A 18 ans, il se rend au Nigeria. Il y côtoie des milieux occultes, devient marabout, guérisseur et se convertit à l’Islam sous le nom d’Abdoulaye Miskine. Ange Félix Patassé écoute cette auto présentation avec beaucoup d’intérêt. Mais ce qui retient surtout son attention, c’est lorsque Miskine lui avoue : "Je sais tout faire. Je peux donner ma vie pour vous". "Mais vous n’avez pas fait de service militaire, vous ne savez pas manier les armes !", lui rétorque le chef de l’Etat. Miskine ne se dégonfle pas.

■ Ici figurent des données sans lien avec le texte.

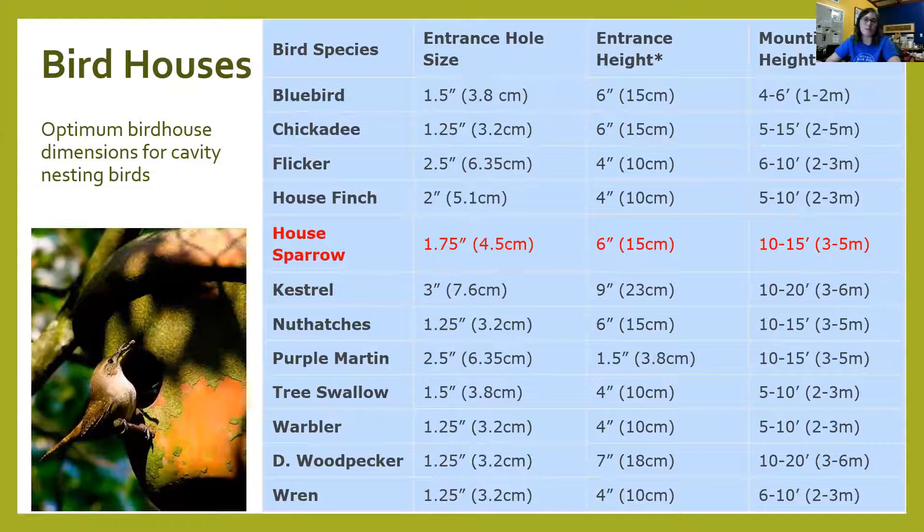We can provide habitat through constructed items or by planting things. The best approach is to know your birds. A really good site is Cornell Lab of Ornithology's All About Birds. The range maps will tell you what birds to expect in your area and what time of year. The life history pages will tell you what food adults and nestlings need and what these birds use for shelter — for nests or to stay away from weather and predators.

Bangui, lundi 28 mai 2001 à 2 heures du matin. Quelques éléments des forces armées centrafricaines (Faca) tirent à l’arme lourde autour de la résidence de Ange Félix Patassé, alors président de la République Centrafricaine. Simultanément, d’autres points stratégiques de la capitale, notamment le palais de la Renaissance (bureau du chef de l’Etat) subissent des tirs ininterrompus. Les populations de la capitale, bousculées dans leur sommeil, se rendent à l’évidence : un coup d’Etat est en cours d’exécution. Aux premières heures du matin, le général André Kolingba, retiré dans sa résidence chic d’Ouango, à l’est de la capitale, depuis qu’il a quitté le pouvoir, revendique le coup de force. Il avait dirigé le pays pendant 12 ans. En 1993, il avait été régulièrement battu par Ange Félix Patassé au terme d’une élection non contestée.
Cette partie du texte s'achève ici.